O CDB é um título de renda fixa emitido por bancos para captar recursos dos investidores. Em troca do empréstimo, a instituição paga juros que podem ser prefixados, pós-fixados ou híbridos. A rentabilidade varia conforme o banco emissor, prazo de vencimento e valor investido.
A poupança, por sua vez, é a aplicação financeira mais tradicional do Brasil. Sua rentabilidade é fixa por lei: quando a taxa Selic está acima de 8,5% ao ano, rende 0,5% ao mês mais TR (Taxa Referencial). Quando a Selic está igual ou abaixo de 8,5%, rende 70% da Selic mais TR.
Em termos de liquidez, a poupança leva vantagem por permitir saques a qualquer momento sem perda de rentabilidade, desde que respeitada a data de aniversário mensal. Já o CDB pode ter liquidez diária (no caso dos CDBs com liquidez) ou apenas no vencimento, dependendo das características do produto.
Tributação e Custos
A tributação representa uma diferença significativa entre os investimentos. O CDB segue a tabela regressiva do Imposto de Renda, começando em 22,5% para aplicações de até 180 dias e chegando a 15% para períodos superiores a 720 dias. Também pode incidir IOF nos primeiros 30 dias.

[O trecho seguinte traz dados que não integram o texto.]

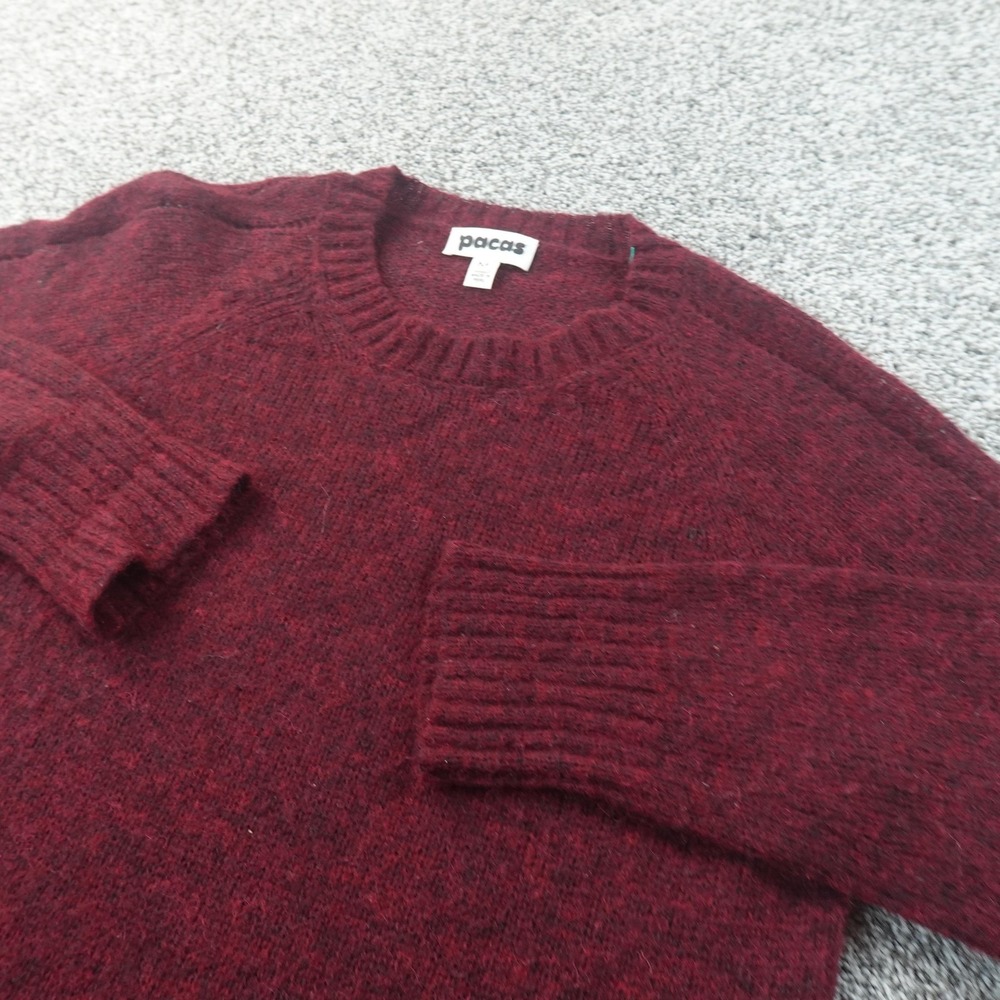 Pacas Sweater Womens M Red Baby Alpaca Wool Crewneck Knit Pullover Cozy Soft Top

A poupança é isenta de Imposto de Renda para pessoas físicas e não possui IOF, independentemente do prazo de permanência. Isso torna os cálculos mais simples e garante que toda a rentabilidade seja efetivamente do investidor.
Proteção e Garantias
Ambos os investimentos contam com a proteção do Fundo Garantidor de Créditos (FGC) até o limite de R$ 250 mil por CPF por instituição financeira. Isso significa que mesmo em caso de falência do banco, o investidor tem seus recursos protegidos até esse valor.

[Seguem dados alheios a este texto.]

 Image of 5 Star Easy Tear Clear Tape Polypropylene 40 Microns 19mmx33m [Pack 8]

Para valores superiores ao limite do FGC, é recomendável diversificar entre diferentes instituições. No caso do CDB, também é importante avaliar a solidez e reputação do banco emissor, especialmente em instituições menores que oferecem rentabilidade mais atrativa.
O valor mínimo para investimento também difere entre as modalidades. A poupança aceita qualquer valor, mesmo R$ 1, enquanto muitos CDBs exigem aplicação mínima que varia de R$ 1.000 a R$ 5.000, dependendo da instituição e das condições oferecidas.
Em cenários de alta da taxa Selic, o CDB tende a ser mais atrativo, pois sua rentabilidade geralmente supera a poupança com maior margem. Quando a Selic está baixa, a diferença diminui, mas o CDB ainda mantém vantagem na maioria dos casos, especialmente para investimentos de médio e longo prazo.
A escolha entre CDB e poupança deve considerar o perfil do investidor, prazo de investimento e necessidade de liquidez. Para quem busca rentabilidade superior e pode deixar o dinheiro aplicado por períodos mais longos, o CDB apresenta melhor custo-benefício. Já para reservas de emergência ou quem prioriza simplicidade e liquidez imediata, a poupança pode ser mais adequada.
O CDB se destaca como opção superior à poupança para a maioria dos investidores, especialmente em aplicações de médio e longo prazo. Apesar da incidência de Imposto de Renda, sua rentabilidade líquida geralmente supera a poupança após os primeiros meses. A poupança mantém relevância como reserva de emergência devido à liquidez imediata e isenção tributária. Para maximizar os ganhos, recomenda-se avaliar CDBs de diferentes instituições, considerando rentabilidade oferecida, prazo de investimento e necessidade de acesso aos recursos. A diversificação entre ambos também pode ser estratégica, utilizando a poupança para emergências e o CDB para objetivos de médio e longo prazo.